開口部は2種類ある。大半は半円アーチで、上部にファンライトと呼ばれる扇形の明かり取りが入る。右側のおよそ3分の1だけはまぐさ石を渡した角形の窓になっていて、アーチが並ばない。これは意匠の気まぐれではなく、その部分の内側に中2階の床があるためである。外から窓の形を数えれば、内部の床の位置が分かる。石材が煉瓦の赤に対して灰白色の線を引き、装飾らしい装飾はここに集約されている。
内部は間仕切りのない一室空間で、片側の約3分の1に中2階が架かる。厚い煉瓦壁に梁を差し込んで床を支える構法である。小屋組は木造のキングポストトラス。中央の束柱が下弦を吊り、斜材が荷重を左右へ流す、当時の標準的な洋小屋である。切妻屋根の頂部には換気用の越屋根が載る。窯の熱と煙を抜くための装置で、ガラス工場であったことを外観に残す数少ない手がかりになっている。
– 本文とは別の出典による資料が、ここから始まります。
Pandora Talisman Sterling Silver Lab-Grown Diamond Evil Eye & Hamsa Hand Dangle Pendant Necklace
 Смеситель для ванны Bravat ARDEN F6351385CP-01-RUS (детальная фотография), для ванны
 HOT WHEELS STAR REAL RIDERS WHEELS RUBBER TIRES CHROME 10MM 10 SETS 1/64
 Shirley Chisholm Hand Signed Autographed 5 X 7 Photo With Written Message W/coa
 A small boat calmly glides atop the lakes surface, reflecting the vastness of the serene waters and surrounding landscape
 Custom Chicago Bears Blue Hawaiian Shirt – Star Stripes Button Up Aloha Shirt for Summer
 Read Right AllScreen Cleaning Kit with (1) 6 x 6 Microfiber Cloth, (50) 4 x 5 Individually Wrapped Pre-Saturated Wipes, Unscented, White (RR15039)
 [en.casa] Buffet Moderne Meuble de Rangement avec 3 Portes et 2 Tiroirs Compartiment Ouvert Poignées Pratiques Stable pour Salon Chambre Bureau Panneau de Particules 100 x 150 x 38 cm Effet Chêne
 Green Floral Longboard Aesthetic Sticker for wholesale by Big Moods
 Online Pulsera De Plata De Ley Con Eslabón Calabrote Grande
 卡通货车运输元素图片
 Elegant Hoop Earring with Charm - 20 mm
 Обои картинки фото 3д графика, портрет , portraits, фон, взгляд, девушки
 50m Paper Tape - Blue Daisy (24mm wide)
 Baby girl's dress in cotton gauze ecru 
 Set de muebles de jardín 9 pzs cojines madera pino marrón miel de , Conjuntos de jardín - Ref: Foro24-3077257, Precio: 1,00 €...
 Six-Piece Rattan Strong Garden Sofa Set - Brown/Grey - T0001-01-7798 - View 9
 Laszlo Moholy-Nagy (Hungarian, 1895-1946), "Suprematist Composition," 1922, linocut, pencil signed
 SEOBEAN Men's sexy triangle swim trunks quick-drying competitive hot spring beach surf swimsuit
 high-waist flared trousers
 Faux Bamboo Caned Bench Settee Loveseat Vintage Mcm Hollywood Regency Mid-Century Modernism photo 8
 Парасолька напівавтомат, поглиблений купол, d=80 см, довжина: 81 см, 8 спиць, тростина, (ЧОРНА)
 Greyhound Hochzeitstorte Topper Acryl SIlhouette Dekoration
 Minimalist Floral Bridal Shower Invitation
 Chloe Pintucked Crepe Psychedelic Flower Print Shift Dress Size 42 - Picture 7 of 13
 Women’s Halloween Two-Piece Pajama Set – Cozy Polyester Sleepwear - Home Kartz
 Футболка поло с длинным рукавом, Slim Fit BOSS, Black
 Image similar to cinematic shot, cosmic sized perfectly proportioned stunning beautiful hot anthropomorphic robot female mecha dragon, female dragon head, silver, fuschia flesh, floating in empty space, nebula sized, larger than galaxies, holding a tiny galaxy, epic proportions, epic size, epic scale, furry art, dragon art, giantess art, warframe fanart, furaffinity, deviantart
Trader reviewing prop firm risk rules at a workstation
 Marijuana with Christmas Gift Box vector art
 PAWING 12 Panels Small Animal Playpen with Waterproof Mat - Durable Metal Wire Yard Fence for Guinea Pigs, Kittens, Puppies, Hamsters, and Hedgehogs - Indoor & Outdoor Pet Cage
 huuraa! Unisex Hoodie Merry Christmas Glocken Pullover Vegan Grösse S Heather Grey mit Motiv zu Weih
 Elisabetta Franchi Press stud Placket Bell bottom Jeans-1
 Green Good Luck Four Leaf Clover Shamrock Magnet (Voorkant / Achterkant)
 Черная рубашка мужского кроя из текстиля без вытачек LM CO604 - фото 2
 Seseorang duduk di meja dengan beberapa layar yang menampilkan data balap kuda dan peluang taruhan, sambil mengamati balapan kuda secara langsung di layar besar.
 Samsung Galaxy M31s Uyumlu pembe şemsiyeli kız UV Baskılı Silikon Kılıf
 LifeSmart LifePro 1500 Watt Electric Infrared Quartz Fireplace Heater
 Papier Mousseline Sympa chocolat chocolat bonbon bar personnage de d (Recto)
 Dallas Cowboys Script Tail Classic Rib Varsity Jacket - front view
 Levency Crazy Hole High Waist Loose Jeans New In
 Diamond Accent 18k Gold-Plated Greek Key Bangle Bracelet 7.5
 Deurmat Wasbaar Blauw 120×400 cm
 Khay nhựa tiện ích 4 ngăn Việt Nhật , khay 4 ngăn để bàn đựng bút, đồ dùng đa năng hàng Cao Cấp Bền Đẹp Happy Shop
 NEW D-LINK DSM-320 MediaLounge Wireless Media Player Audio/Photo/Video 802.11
明治村工部省品川硝子製造所を見るときは、正面から離れて壁全体を一度に視野へ入れたい。アーチの列がどこで途切れるかが、建物の内部構成を先に教えてくれる。
見学の手引き
明治村工部省品川硝子製造所は博物館明治村の4丁目45番地に建つ。建物だけの拝観料はなく、入村料に含まれる。入村料は大人2,500円、高校生1,500円、中学生と小学生が700円で、未就学児は無料である。
開村時間は季節で動く。3月と、4月から7月、9月・10月は午前9時30分から午後5時。8月は午前10時から午後5時。11月は午前9時30分から午後4時。12月から2月は午前10時から午後4時。入村は閉村の30分前までである。休村日は月ごとにまとまって設定されるため、来村前に公式サイトの開村カレンダーで確かめたい。
撮影はできる。ただし建物内での三脚の使用と、山林に立ち入っての撮影は禁じられている。村内を走る乗物の運転士にフラッシュを向ける行為も避けたい。なお安全確保や修理のため、建物や区画への立ち入りが制限されることがある。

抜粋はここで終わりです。